Companies Found Guilty of False Advertising

Here are examples of companies that were found guilty of false advertising:

  • Activia yogurt - Dannon stated that its yogurt had nutritional benefits other yogurts didn't. They had to pay $45 million in a class action settlement.
  • Splenda - Ads say it is made from sugar; but, that is not the case. It is made of highly-processed chemical compounds.
  • New Balance - One of their sneakers has been sold with claims to help consumers burn calories. No studies confirmed this and the shoe turned out to be an injury hazard.
  • Taco Bell seasoned beef - It was not really seasoned, but had oat filler.

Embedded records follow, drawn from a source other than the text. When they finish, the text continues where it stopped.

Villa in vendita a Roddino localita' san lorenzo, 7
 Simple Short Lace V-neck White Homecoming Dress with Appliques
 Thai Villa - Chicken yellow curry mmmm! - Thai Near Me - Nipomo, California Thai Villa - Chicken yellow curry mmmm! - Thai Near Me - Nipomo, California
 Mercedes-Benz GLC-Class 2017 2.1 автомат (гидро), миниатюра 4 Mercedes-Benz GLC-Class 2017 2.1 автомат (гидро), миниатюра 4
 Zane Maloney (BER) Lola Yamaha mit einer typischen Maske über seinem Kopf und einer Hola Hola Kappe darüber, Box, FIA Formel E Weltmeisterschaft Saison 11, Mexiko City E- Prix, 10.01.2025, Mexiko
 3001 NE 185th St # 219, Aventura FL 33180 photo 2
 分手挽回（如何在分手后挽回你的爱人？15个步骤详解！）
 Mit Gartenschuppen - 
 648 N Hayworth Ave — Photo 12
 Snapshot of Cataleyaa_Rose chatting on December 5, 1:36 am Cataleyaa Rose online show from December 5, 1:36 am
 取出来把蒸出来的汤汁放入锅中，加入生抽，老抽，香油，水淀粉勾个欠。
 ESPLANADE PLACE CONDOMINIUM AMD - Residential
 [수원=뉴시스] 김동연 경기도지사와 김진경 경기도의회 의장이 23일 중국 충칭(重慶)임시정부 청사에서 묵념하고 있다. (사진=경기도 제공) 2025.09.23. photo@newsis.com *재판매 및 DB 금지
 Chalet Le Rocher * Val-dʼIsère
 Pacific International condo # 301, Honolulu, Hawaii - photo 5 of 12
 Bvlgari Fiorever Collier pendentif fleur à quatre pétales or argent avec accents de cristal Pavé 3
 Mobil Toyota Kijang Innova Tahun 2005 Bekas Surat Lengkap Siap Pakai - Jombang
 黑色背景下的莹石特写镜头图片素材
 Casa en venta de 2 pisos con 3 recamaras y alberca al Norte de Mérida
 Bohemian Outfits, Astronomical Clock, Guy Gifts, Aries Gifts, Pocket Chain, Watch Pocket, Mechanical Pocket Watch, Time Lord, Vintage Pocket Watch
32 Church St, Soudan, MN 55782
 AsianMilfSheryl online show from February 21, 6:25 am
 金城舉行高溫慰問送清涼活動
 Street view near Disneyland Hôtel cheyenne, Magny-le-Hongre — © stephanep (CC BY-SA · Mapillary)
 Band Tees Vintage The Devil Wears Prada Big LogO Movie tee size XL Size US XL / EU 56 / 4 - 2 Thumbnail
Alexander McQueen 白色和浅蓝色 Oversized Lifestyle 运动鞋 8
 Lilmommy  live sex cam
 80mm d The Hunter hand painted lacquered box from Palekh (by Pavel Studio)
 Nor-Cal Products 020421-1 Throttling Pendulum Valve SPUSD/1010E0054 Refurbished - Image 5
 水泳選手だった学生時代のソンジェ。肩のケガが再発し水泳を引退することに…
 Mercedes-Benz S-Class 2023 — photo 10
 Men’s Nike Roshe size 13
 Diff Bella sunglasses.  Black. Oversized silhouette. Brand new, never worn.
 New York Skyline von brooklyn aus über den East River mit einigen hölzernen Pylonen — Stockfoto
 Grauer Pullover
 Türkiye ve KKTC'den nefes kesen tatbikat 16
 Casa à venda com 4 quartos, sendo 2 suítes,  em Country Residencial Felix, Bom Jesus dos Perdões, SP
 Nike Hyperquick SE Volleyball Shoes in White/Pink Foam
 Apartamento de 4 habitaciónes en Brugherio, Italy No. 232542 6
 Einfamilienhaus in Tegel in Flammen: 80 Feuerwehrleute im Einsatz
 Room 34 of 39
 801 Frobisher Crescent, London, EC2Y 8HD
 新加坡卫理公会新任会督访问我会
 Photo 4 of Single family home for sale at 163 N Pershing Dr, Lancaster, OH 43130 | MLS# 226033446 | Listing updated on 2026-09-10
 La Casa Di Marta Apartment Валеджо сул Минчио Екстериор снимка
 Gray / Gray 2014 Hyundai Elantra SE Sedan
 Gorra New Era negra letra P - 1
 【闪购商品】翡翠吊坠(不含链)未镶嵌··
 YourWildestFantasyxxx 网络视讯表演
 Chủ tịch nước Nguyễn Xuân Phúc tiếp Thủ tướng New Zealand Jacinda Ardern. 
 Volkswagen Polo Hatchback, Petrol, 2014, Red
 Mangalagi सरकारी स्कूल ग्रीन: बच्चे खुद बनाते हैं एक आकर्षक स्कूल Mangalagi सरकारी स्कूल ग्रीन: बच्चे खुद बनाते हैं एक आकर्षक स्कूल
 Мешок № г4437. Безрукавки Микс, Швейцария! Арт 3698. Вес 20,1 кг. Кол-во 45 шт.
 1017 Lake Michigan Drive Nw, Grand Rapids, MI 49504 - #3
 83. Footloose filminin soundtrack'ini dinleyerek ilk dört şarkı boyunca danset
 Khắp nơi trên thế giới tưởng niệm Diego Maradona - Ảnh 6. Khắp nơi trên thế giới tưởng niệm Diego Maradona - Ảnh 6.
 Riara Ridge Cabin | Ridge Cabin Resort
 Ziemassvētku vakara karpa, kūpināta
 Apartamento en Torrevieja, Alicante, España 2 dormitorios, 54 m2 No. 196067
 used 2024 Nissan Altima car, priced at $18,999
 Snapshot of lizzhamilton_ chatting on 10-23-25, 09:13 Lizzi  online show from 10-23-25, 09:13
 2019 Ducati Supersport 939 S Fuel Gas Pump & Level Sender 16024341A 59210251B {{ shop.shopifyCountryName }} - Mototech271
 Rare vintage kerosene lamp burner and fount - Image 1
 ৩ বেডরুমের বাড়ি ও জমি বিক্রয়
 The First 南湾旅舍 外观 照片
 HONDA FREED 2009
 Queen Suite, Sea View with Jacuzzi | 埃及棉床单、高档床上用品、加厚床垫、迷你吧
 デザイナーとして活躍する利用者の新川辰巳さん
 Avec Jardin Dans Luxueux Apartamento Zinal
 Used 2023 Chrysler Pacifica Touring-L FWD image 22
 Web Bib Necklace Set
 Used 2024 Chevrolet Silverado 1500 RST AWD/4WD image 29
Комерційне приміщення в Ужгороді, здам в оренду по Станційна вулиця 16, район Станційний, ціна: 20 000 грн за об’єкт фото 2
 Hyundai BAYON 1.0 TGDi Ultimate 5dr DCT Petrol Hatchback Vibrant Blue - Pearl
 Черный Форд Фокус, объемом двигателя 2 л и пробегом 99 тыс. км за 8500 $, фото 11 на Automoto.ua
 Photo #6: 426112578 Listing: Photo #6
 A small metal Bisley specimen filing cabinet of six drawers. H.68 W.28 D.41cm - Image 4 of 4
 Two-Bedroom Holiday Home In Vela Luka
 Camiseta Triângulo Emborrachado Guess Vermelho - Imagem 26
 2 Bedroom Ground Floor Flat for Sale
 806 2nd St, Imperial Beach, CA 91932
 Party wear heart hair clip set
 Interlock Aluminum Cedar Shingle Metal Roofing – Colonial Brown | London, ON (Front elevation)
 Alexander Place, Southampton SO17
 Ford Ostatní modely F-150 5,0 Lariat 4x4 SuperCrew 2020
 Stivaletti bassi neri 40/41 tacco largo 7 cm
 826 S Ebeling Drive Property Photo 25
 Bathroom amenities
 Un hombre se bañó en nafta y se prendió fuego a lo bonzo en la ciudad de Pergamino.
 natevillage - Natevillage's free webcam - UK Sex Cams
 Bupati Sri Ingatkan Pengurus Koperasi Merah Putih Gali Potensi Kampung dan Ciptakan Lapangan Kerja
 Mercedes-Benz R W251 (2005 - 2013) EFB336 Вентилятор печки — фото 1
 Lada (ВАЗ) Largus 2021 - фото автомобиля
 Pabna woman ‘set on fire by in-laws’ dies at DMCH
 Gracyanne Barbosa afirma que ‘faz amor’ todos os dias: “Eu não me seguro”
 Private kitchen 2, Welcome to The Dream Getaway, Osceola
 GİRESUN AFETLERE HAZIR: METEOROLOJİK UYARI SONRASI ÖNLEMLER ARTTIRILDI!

This tricked consumers into thinking it had a higher grade of beef.
  • Definity eye cream - An Olay ad showed the model Twiggy wrinkle-free and the ads were retouched.
  • Hyundai and KIA - These companies overstated the horsepower of their vehicles, as much as 9.6 percent.
  • Airborne - It claimed to ward off germs to prevent the flu and colds, but no studies backed it up. Airborne had to pay $23.3 million in the class-action lawsuit and $7 million settlement later.
  • Kashi - The Company claimed their products are All Natural but they are full of synthetic and unnaturally processed ingredients and actually some that are considered hazardous.

Advertising, when used correctly, can be an effective way to promote and sell products. It can provide consumers with the information they need to make a smart shopping decision. However, false advertising is harmful to both the consumer and to the advertiser.